A black-and-white image depicting a middle-aged African king. Though at first glance a tall, strong-looking man, the subject's condition appears to have deteriorated with age; his belly appears severely bloated. He wears an animal-skin loincloth and a necklace made from what appear to be the teeth of various creatures. He holds a long spear in his right hand, which rests on the ground.

King Lobengula; a posthumous depiction, based on a contemporary sketch

After Mzilikazi died in 1868, his son Lobengula replaced him in 1870, following a brief succession struggle.

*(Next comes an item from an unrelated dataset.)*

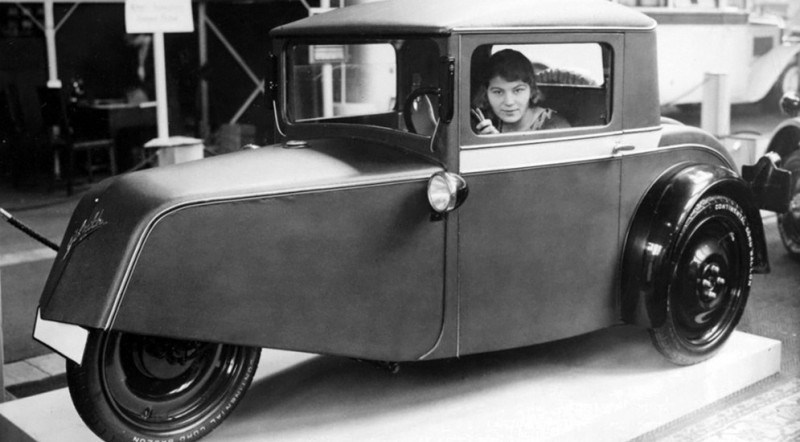 Cимпсономания: пять жутких автомобилей, которые мог придумать только Гомер Симпсон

Tall and well built, Lobengula was generally considered thoughtful and sensible, even by contemporary Western accounts; according to the South African big-game hunter Frederick Hugh Barber, who met him in 1875, he was witty, mentally sharp and authoritative—”every inch a king”. Based at his royal kraal at Bulawayo, Lobengula was at first open to Western enterprises in his country, adopting Western-style clothing and granting mining concessions and hunting licences to white visitors in return for pounds sterling, weapons and ammunition. Because of the king’s illiteracy, these documents were prepared in English or Dutch by whites who took up residence at his kraal; to ascertain that what was written genuinely reflected what he had said, Lobengula would have his words translated and transcribed by one of the whites, then later translated back by another. Once the king was satisfied of the written translation’s veracity, he would sign his mark, affix the royal seal (which depicted an elephant), and then have the document signed and witnessed by a number of white men, at least one of whom would also write an endorsement of the proclamation.

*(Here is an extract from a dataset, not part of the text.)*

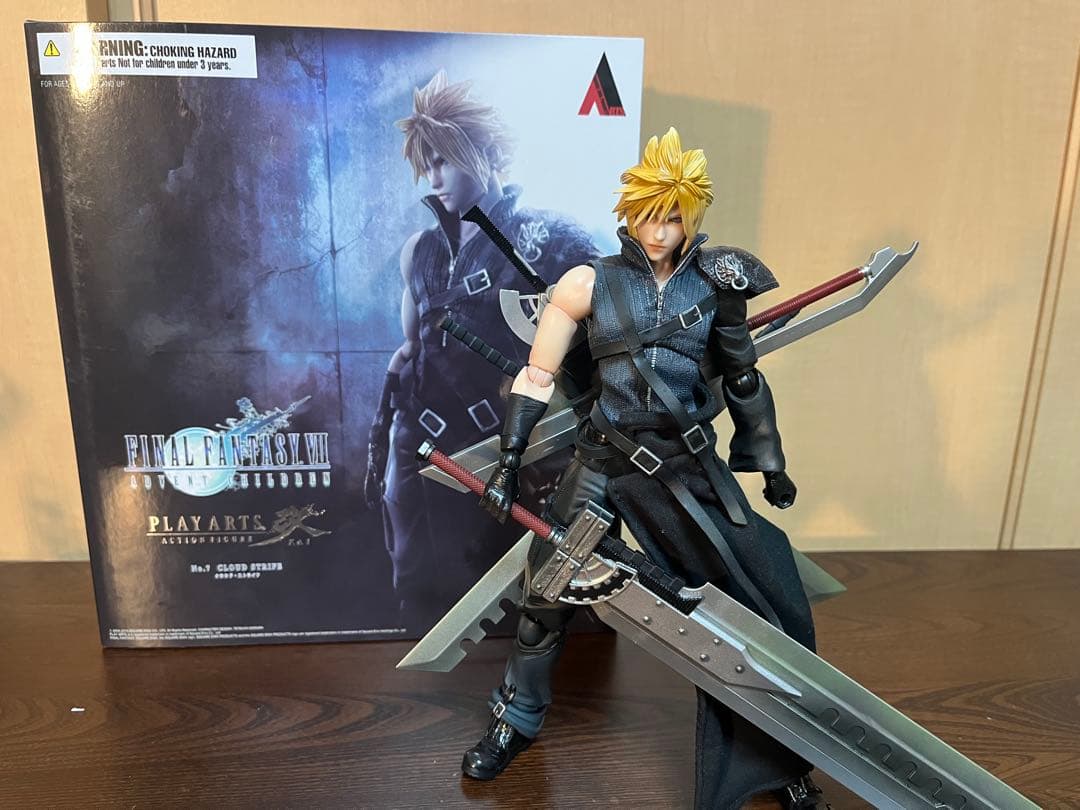 プレイアーツ改　クラウド　アドベントチルドレン　ff7 ゲームキャラクター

For unclear reasons, Lobengula’s attitude towards foreigners reversed sharply during the late 1870s. He discarded his Western clothes in favour of more traditional animal-skin garments, stopped supporting trading enterprises, and began to restrict the movement of whites into and around his country. However, the whites kept coming, particularly after the discovery in 1886 of gold deposits in the South African Republic (or Transvaal), which prompted the Witwatersrand Gold Rush and the founding of Johannesburg. After rumours spread among the Witwatersrand (or Rand) prospectors of even richer tracts, “a second Rand”, north of the Limpopo, the miners began to trek north to seek concessions from Lobengula that would allow them to search for gold in Matabeleland and Mashonaland. These efforts were mostly in vain. Apart from the Tati Concession, which covered a small strip of land on the border with the Bechuanaland Protectorate where miners had operated since 1868, mining operations in the watershed remained few and far between.

The foremost business and political figure in southern Africa at this time was Cecil Rhodes, a vicar’s son who had arrived from England in 1870, aged 17. Since entering the diamond trade at Kimberley in 1871, Rhodes had gained near-complete domination of the world diamond market with the help of Charles Rudd, Alfred Beit and other business associates, as well as the generous financial backing of Nathan Mayer Rothschild. Rhodes was also a member of the Cape Parliament, having been elected in 1881. Amid the European Scramble for Africa, he envisioned the annexation to the British Empire of territories that would connect the Cape, at Africa’s southern tip, with Cairo, the Egyptian city at the northern end of the continent, and allow for the construction of a railway linking the two. This ambition was directly challenged in the south by the presence of the Boer republics and, just to the north of them, Lobengula’s domains. The fact that the Zambezi–Limpopo region did not fall into any of the “spheres of influence” defined at the 1884–85 Berlin Conference further complicated matters; the Transvaalers, Germans and Portuguese were all also showing interest in the area, much to the annoyance of both Lobengula and Rhodes.